Das Finanzgericht wird im zweiten Rechtsgang nicht nur zu prüfen haben, ob ein Anspruch auf Familienleistungen nach polnischem oder britischem Recht besteht, sondern – für die Zeit ab Mai 2010 – auch, ob die Schwester und der Schwager des Klägers als Pflegeeltern zu beurteilen sind und deshalb einem der beiden der Kindergeldanspruch zusteht. Dies hätte allerdings zur Voraussetzung, dass das Obhuts- und Pflegeverhältnis zwischen dem Sohn und den leiblichen Eltern nicht mehr besteht (vgl. BFH, Urt. v. 20.07.2006 – III R 44/05 – BFH/NV 2007, 17).

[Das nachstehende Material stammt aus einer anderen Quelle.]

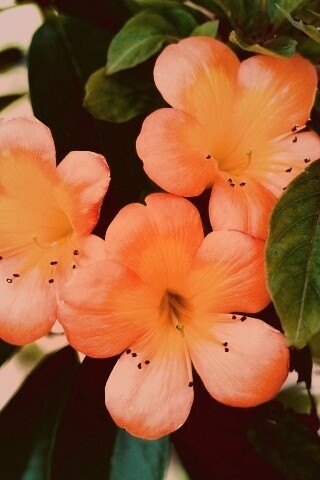 Оранжевые цветочки обои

C. Kontext der Entscheidung

Durch das Besprechungsurteil werden die Rechtsgrundsätze der „Trapkowski“-Entscheidung des EuGH fortentwickelt. Darin hat der EuGH zum Ausdruck gebracht, dass die Frage, wer als beteiligte Person i.S.d. Art. 60 Abs. 1 Satz 2 der VO Nr. 987/2009 anzusehen ist, nach nationalem Recht zu beurteilen ist. Bei einem Pflegekindschaftsverhältnis ist somit nicht ein leiblicher Elternteil, sondern ein Pflegeelternteil Familienangehöriger und damit anspruchsberechtigt. Klarheit herrscht nunmehr auch darüber, dass die Regelung des § 32 Abs. 2 Satz 2 EStG, wonach Pflegeeltern gegenüber den leiblichen Eltern vorrangig sind, nur die kindbedingten Freibeträge nach § 32 Abs. 6 EStG betrifft, nicht jedoch das Kindergeld.
Sollte die in Großbritannien lebende Kindsmutter nach dortigem Recht einen Anspruch auf Familienleistungen haben, ergibt sich eine Anspruchskonkurrenz, die für die Zeit ab Mai 2010 nach Art. 68 der VO Nr. 883/2004 aufzulösen ist. Da das Kind, für das Kindergeld begehrt wird, nicht in Deutschland oder in Großbritannien lebt, sondern in einem anderen EU-Staat, kann der Wohnort des Kindes nicht für das Vorrangverhältnis ausschlaggebend sein. Sollten sowohl der Kläger als auch die Kindsmutter beschäftigt oder selbstständig erwerbstätig gewesen sein, so hat der Staat das Kindergeld zu zahlen, der die höheren Leistungen vorsieht; der andere Staat erstattet dem ersten die Hälfte dieser Leistungen, maximal in Höhe der eigenen Familienleistungen (Art. 58 der VO Nr. 987/2009).

D. Auswirkungen für die Praxis

Das Urteil zeigt auch, dass an die Feststellung ausländischen Rechts in Kindergeldsachen hohe Anforderungen gestellt werden. Ein Finanzgericht muss sogar dann eigene Feststellungen treffen, wenn zwischen den Verfahrensbeteiligten keine unterschiedlichen Auffassungen über die ausländische Rechtslage bestehen.